===== Given data

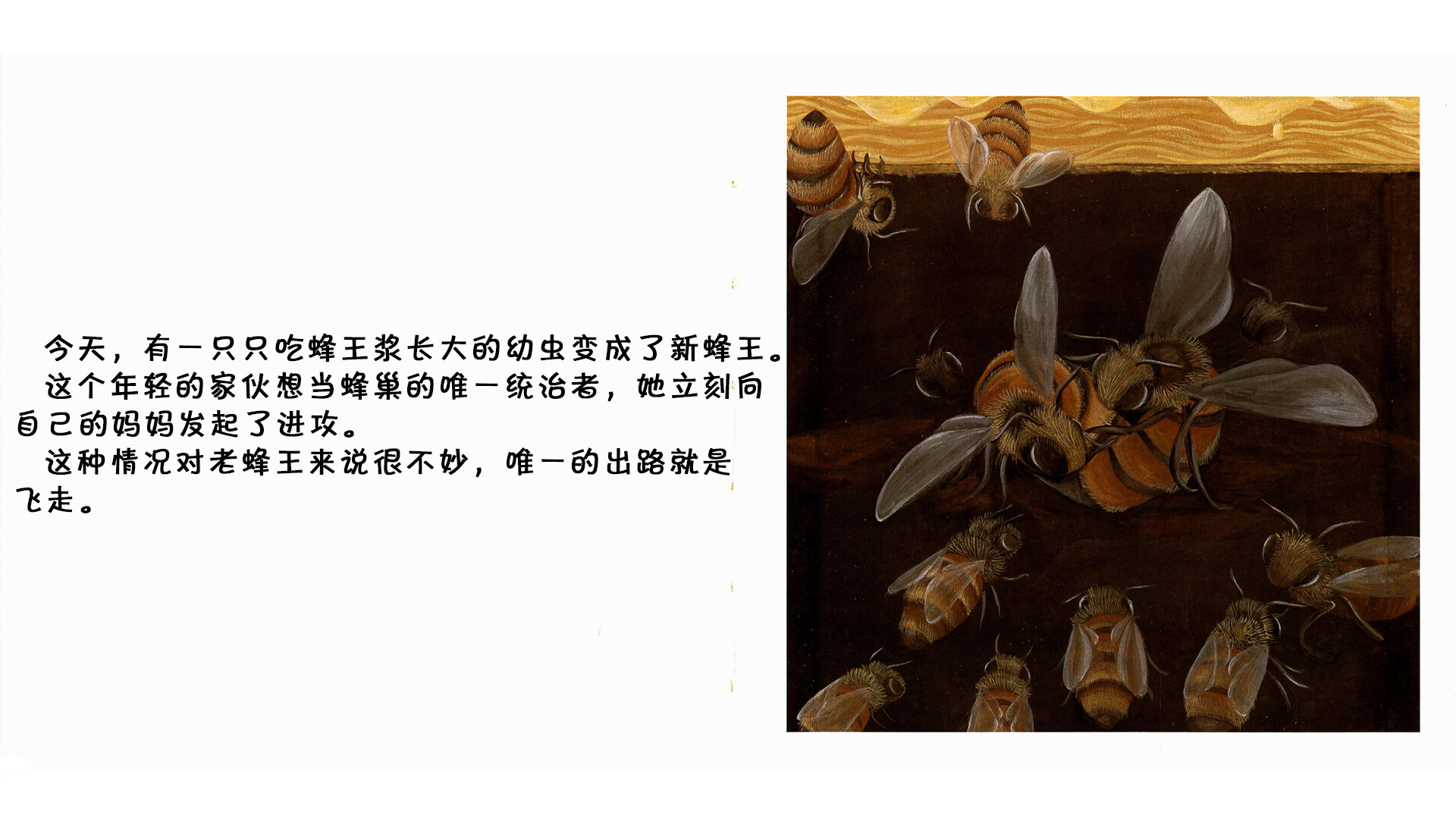 蜜蜂绘本故事第4页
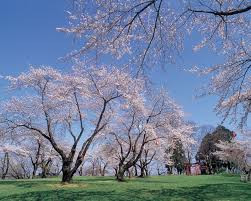 紫波城山公園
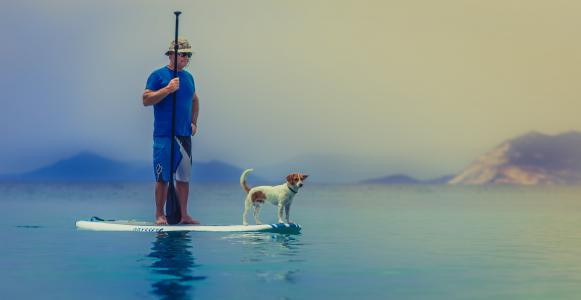 男子, 狗, 桨, 董事会, 海, 海洋, 水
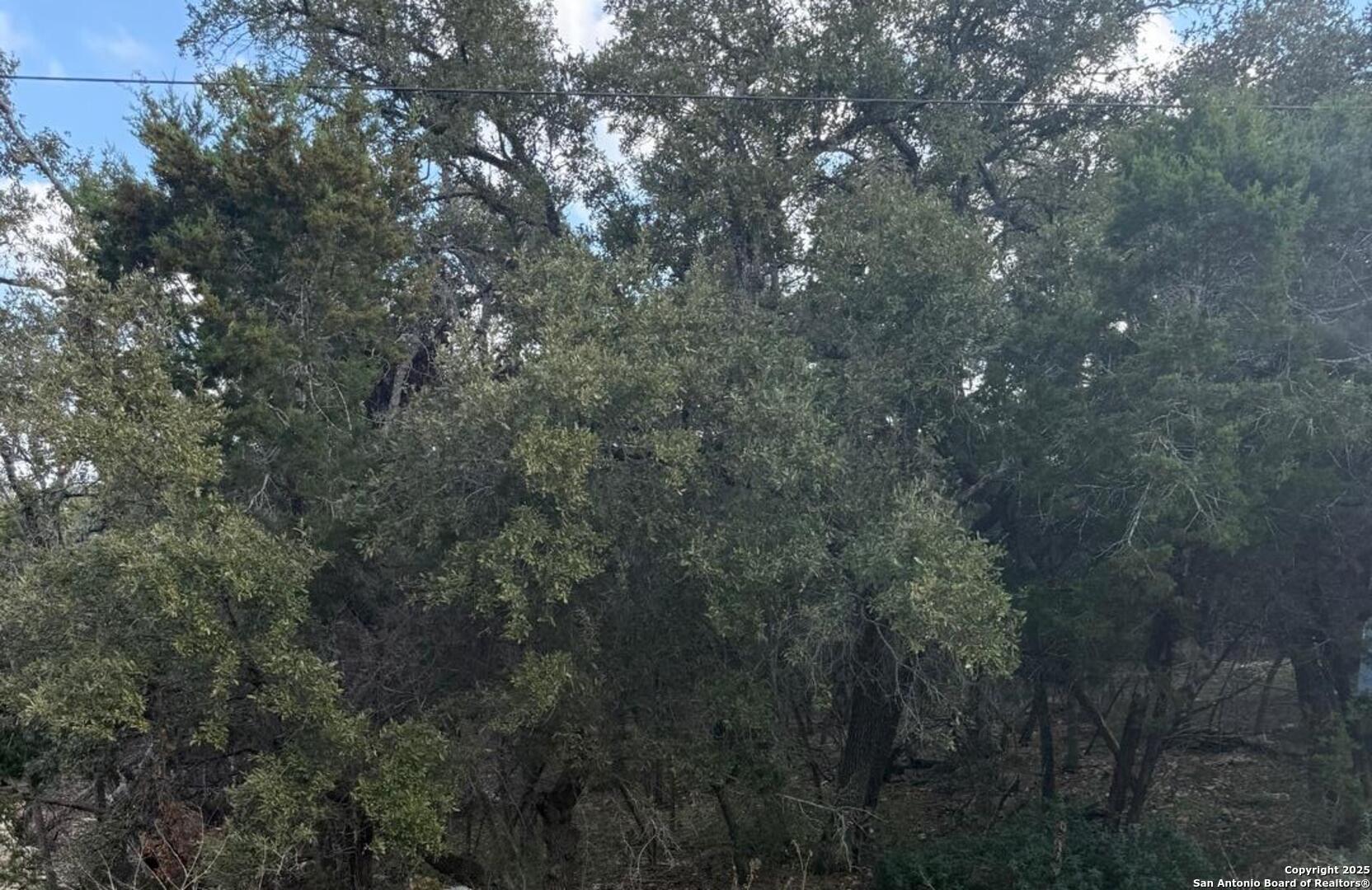 686 Hillclimb Canyon Lake TX 78133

==========

Directions: A word-for-word copy of the data above is needed, one that omits the pictures.

Answer area:
 蜜蜂绘本故事第4页
 紫波城山公園
 男子, 狗, 桨, 董事会, 海, 海洋, 水
 686 Hillclimb Canyon Lake TX 78133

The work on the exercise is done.